[What is needed]
Taking the entries below, transcribe only the lines starting with the one with "High Power 12W" and going on through the one with "politieonderzoekongevalhoogeveen", exactly as written, without the pictures.

═══ Entries provided

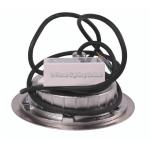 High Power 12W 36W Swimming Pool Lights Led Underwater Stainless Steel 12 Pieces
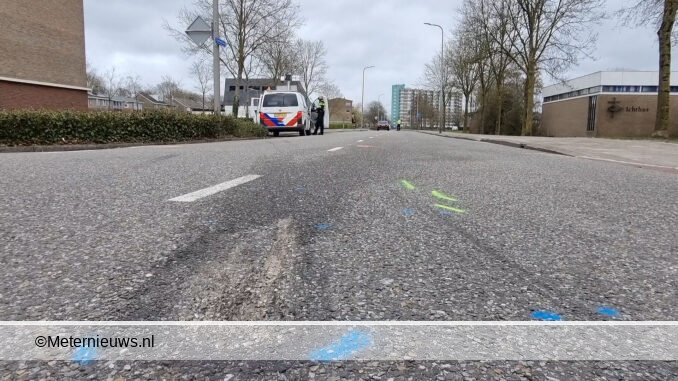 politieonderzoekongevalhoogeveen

══════
═══ Entries provided

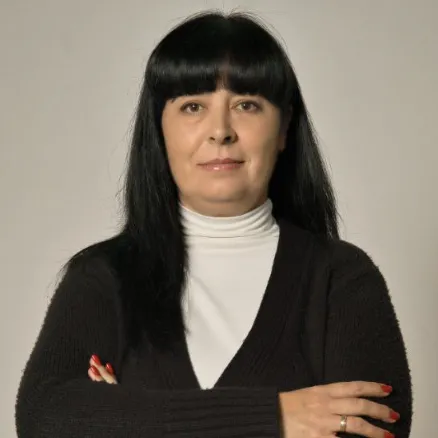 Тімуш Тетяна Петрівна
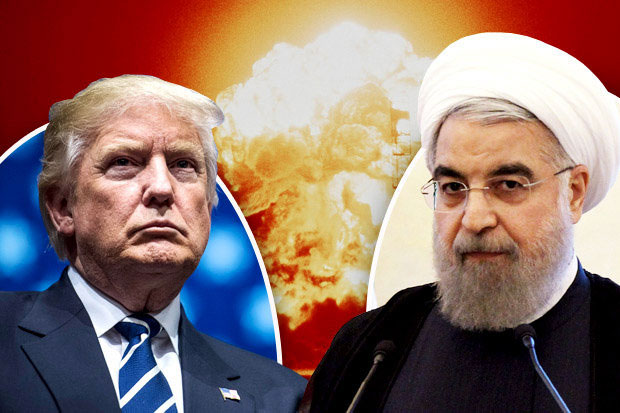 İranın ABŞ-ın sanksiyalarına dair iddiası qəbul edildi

══════

[Answer area]
 High Power 12W 36W Swimming Pool Lights Led Underwater Stainless Steel 12 Pieces
 politieonderzoekongevalhoogeveen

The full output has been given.